<説教要旨>

「このことを信じるか」(4/25)

「わたしは復活であり、命である。わたしを信じる者は、死んでも生きる」

(ヨハネ福音書11章25節)

 人生において、それぞれ大小はあれど、様々な形で喪失の体験を人はします。大切な物、大切な場所、また大切な人など。それらを失ったときには、自らの一部が失われていくような、生きるための希望が失われていくような思いに駆られていきます。
 今回の聖書箇所ヨハネによる福音書11章17節からの所で登場するマルタとマリアもそのような喪失の出来事を眼前にして、悲しみの中にあります。病気であった兄弟ラザロを癒してもらうためにマルタとマリアはイエスのもとに人を送りますが、イエスが実際に来たのはラザロが「墓に葬られて既に四日もたって(17節)」からでした。イエスを迎えたマルタは「もしここにいてくださいましたら、わたしの兄弟は死ななかったでしょうに(21節)」とイエスに対して落胆の思いを吐露していきます。

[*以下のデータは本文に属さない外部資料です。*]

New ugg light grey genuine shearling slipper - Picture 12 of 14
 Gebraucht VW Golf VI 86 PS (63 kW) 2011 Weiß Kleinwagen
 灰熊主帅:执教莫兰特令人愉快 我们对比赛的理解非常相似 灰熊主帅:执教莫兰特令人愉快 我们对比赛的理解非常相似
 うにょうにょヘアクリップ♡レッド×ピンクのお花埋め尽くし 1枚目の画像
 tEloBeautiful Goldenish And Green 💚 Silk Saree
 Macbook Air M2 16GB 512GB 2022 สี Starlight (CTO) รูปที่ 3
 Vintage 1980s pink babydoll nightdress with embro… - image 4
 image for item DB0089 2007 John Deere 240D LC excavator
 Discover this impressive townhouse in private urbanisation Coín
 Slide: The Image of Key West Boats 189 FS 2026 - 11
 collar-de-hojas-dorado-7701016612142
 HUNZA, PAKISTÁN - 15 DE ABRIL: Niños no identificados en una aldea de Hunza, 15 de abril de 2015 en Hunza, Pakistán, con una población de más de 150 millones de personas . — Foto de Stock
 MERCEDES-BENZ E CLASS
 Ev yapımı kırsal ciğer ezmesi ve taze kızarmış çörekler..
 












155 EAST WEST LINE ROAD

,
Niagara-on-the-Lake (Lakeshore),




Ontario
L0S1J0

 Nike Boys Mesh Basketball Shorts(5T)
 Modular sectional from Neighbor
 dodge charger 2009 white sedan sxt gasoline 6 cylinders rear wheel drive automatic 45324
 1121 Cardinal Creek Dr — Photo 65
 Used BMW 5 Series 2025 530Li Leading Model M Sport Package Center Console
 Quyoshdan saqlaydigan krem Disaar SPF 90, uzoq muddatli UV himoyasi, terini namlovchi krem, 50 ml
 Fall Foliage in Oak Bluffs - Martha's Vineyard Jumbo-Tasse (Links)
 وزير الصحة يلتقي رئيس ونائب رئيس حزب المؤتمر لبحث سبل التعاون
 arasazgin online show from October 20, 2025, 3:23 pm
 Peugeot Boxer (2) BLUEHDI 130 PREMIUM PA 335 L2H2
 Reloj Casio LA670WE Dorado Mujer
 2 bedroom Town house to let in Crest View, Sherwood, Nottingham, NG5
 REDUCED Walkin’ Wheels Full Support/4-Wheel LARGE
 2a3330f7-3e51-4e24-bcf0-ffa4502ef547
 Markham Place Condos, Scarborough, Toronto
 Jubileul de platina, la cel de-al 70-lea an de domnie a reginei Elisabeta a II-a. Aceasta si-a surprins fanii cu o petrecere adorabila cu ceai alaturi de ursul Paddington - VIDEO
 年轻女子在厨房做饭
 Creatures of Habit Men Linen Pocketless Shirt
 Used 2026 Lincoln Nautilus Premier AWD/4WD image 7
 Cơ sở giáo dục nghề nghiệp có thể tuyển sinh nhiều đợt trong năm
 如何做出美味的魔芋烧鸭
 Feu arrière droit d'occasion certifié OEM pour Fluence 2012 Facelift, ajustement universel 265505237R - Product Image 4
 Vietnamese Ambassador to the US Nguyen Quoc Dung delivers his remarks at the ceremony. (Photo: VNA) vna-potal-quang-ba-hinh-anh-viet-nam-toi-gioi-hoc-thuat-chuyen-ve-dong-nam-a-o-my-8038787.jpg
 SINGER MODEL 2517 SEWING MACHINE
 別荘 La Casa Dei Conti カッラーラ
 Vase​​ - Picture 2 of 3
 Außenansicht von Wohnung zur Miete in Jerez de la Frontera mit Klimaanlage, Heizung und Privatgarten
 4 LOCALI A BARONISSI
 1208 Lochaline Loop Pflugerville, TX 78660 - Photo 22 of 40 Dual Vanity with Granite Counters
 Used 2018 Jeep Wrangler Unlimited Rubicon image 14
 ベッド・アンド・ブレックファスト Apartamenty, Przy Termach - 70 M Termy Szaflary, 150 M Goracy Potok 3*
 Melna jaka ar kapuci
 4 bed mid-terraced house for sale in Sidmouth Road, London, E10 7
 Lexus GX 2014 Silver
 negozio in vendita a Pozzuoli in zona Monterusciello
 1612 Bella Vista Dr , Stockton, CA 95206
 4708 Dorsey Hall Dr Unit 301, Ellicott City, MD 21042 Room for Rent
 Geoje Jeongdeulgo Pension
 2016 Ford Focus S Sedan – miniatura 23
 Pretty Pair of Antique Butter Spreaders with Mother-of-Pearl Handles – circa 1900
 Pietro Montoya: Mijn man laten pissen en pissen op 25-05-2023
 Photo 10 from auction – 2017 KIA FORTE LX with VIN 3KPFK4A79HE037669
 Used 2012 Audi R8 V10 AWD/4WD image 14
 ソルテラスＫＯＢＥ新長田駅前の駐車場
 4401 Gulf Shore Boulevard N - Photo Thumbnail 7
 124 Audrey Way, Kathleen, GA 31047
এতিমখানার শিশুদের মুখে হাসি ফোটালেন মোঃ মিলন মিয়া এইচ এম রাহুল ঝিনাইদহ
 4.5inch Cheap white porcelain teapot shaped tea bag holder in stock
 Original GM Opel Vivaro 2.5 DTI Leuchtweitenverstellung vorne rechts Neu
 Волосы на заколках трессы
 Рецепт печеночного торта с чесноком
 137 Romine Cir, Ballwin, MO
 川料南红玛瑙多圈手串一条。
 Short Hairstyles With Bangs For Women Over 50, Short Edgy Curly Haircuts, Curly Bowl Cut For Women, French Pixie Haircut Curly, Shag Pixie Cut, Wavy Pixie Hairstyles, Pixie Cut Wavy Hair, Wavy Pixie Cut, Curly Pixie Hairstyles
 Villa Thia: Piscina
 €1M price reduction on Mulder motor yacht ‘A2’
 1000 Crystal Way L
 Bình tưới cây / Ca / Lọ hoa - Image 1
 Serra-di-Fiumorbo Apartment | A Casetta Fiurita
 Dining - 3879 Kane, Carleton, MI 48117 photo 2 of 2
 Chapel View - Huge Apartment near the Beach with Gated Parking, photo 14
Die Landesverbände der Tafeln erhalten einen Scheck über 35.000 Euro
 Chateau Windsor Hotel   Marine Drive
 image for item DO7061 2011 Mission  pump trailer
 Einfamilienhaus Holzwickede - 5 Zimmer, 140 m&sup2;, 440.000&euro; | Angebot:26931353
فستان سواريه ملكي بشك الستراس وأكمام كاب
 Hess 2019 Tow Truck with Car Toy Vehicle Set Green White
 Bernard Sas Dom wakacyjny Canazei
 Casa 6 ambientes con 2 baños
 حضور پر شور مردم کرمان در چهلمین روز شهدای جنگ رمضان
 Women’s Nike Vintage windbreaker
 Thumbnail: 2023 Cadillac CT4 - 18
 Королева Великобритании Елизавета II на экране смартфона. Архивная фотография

しかしイエスはこの「死に支配」され、落胆するマルタに対して、「私は復活であり、命である(25節)」と、また「わたしを信じる者は、死んでも生きる。生きていてわたしを信じる者はだれも、決して死ぬことはない(26節)」と宣言されます。そして「このことを信じるか」と問うていかれるのです。
 この「ラザロの復活」の物語は、ヨハネによる福音書の中で語られる七つの「しるし」の内、最後の七番目に語られる「しるし」です。このしるし物語の前にはイエスをユダヤ人が拒絶していく描写がなされ、後には「イエスを殺す計略」が配置されるように、イエスの十字架への道がまさに始まっていることがわかります。この場所に七番目の「しるし」として示されるのが「復活」の奇跡であり、これは、イエスの十字架での死とその後の「復活」の予型として語られている物語です。イエスはラザロの病気について、「この病気は死で終わるものではない。神の栄光のためである(4節)」と語られました。イエスがマルタとマリアのもとについたとき、そこにいる人々は大切な存在の死、喪失のために嘆き、悲しみ、「死にとらわれて」いました。しかしイエスは、この「死」に打ち勝ちラザロを「復活」させていきます。この「しるし」を通して、人々に「死は死で終わる事が無い」ということを知らされていくのです。
 喪失の体験というのは、それを前にしたとき、日常的な希望が打ち砕かれていきます。しかしイエスはこの「死」に対して、力強く「わたしは復活であり、命である」と宣言してくださいます。そして「死が死で終わる事が無い」ということをこのラザロの復活の出来事を通して、また、ご自身の復活の出来事を通して示してくださるのです。それを知る私たちは、「このことを信じるか」とのイエスの問いかけに対して、希望を抱き、イエスに従っていく歩みをもって応えていきたいと思います。